Flink系列-SQL connector扩展以及DataGenTableSourceFactory源码走读

一 、说明

        通常我们直接使用Flink的sql进行实时任务开发,经常会遇到扩展新的数据源端或者目标端的场景,或者需要了解connector的一些源码机制,方便开发和定位问题。 

      如何扩展新增Sql connector呢?

扩展Apache Flink的新SQL Connector主要涉及以下几个步骤:

  1. 定义动态工厂类:自定义Factory需要继承DynamicTableSinkFactoryDynamicTableSourceFactory接口,实现相关的方法,如createDynamicTableSinkfactoryIdentifierrequiredOptionsoptionalOptions等。

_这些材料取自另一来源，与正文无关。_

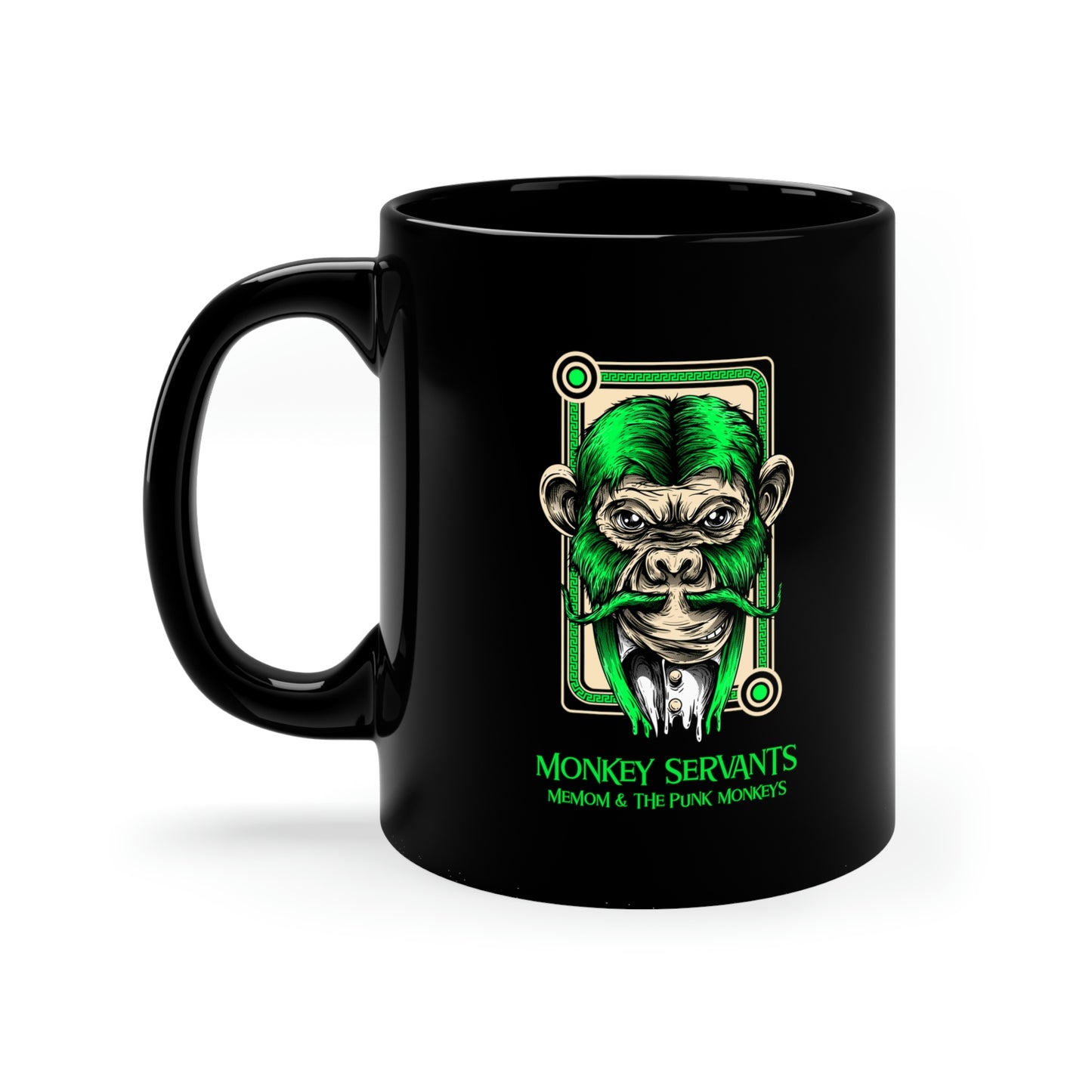 Monkey Servants11oz Black Mug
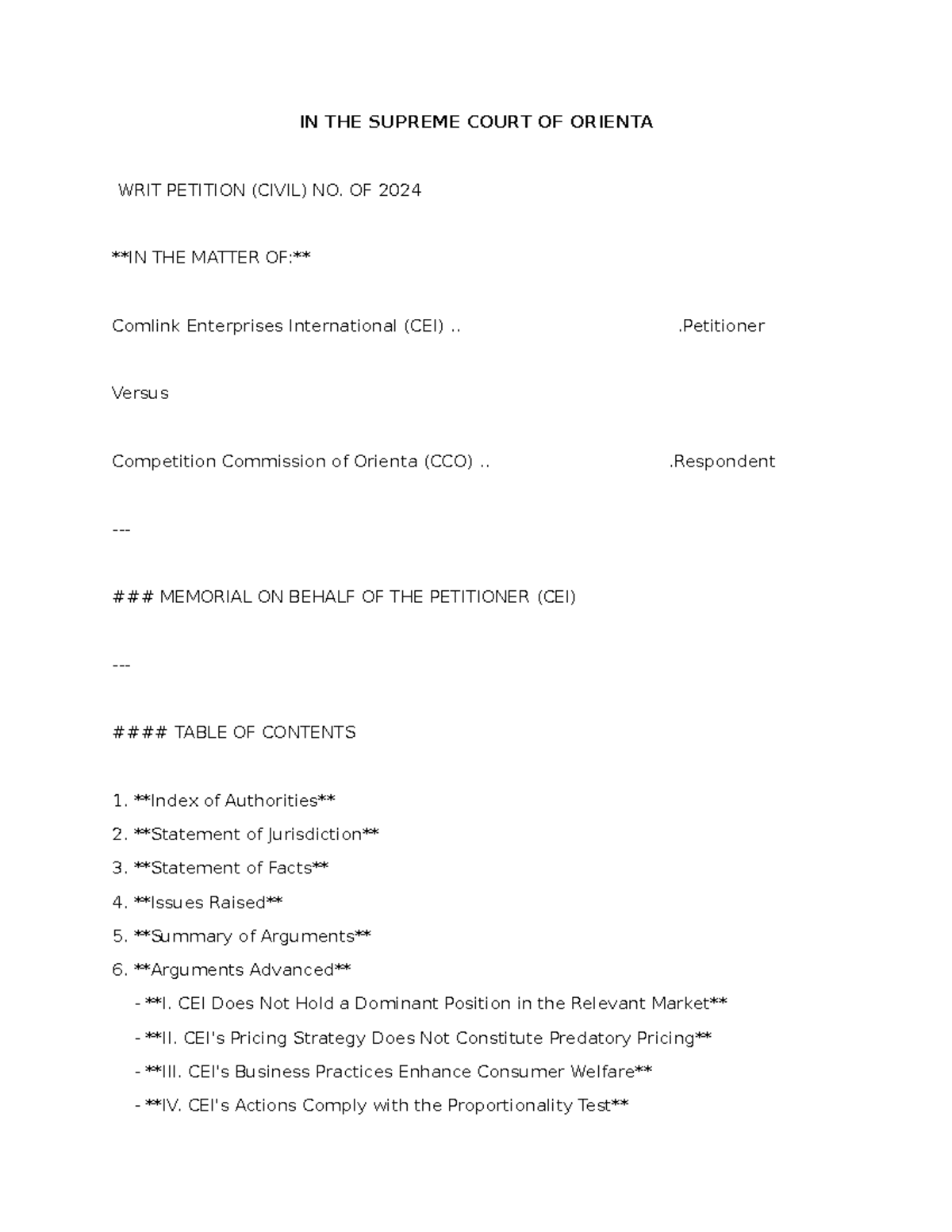 Issue 2 - IN THE SUPREME COURT OF ORIENTA WRIT PETITION (CIVIL) NO. OF ...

  2. 实现具体的Source和Sink:根据需要连接的数据存储或服务,实现具体的DynamicTableSinkDynamicTableSource。这可能涉及到编写自定义的SinkFunctionSourceFunction

  3. 使用Java SPI机制:通过在项目的resources目录下创建META-INF.services文件,并添加org.apache.flink.table.factories.Factory的实现类全路径,使得Flink SQL客户端能够识别并加载自定义的Connector。

二、Flink原生自带的DataGenTableSourceFactory如何实现的呢?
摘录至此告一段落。